A boycott is a boycott even if you don’t call it by name, and the 2016 Oscars boycott is gaining more steam. Will Smith, the un-nominated star of Concussion, announced that he will not be attending the ceremony, and Mark Ruffalo, who is nominated for Best Supporting Actor for his role in Spotlight, a film packed with white people that got several nominations, is on the fence about whether he’ll show. Spike Lee and Jada Pinkett Smith had both previously said they would not be attending this year’s Academy Awards ceremony, but Lee insisted he wasn’t calling for an official boycott.
In an appearance on Good Morning America on Thursday, Smith said he would be joining his wife in skipping the Oscars.

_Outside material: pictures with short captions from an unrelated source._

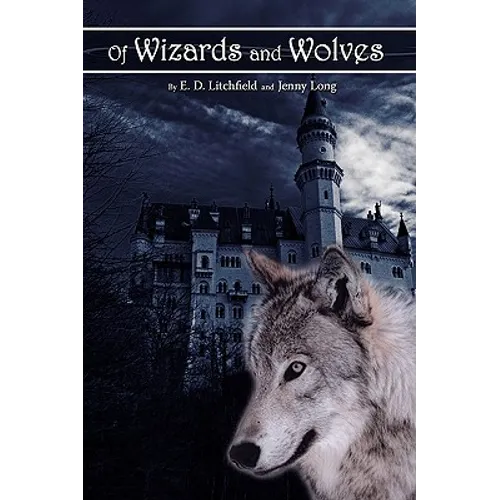 Of Wizards and Wolves - Hardcover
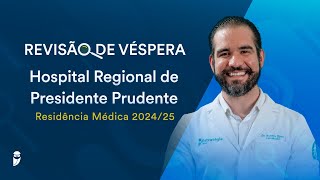 Revisão de Véspera Hospital Regional de Presidente Prudente Residência Médica 202425 [upl. by Auoh]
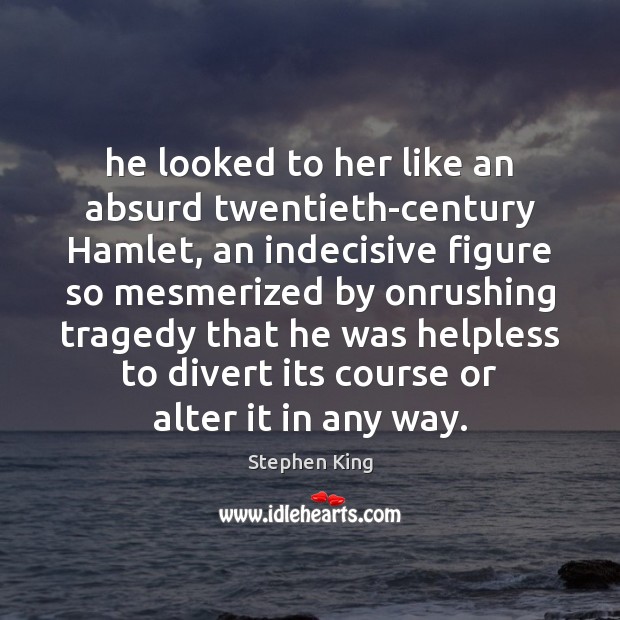 He looked to her like an absurd twentieth-century Hamlet, an indecisive figure Stephen King Picture Quote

Pinkett Smith posted a video on Facebook earlier this week decrying lack of racial diversity among the Oscar nominees — all 20 acting nominations went to white performers — and said she would not be attending or watching the ceremony. On GMA, Smith insisted that his wife’s boycott had nothing to do with him personally, and that he didn’t know about the video until after it went live (!). “This is about children that are gonna watch this show, and they’re not going to see themselves represented,” he said.
In an interview for BBC Breakfast, Ruffalo was put a little bit on the spot by a BBC reporter who suggested that perhaps the nominee would skip the Oscars. The actor rolled with it:
“I’m weighing it. That’s where I’m at right now,” said Ruffalo. “I woke up in the morning thinking, what is the right way to do this? Because if you look at Martin Luther King’s legacy, what he was saying was, the good people who don’t act are much worse than the people, the wrongdoers, that are purposely not acting and don’t know the right way.”
Currently taking bets for who will be the next Hollywood star to back out of the Oscars. No pressure, Leo.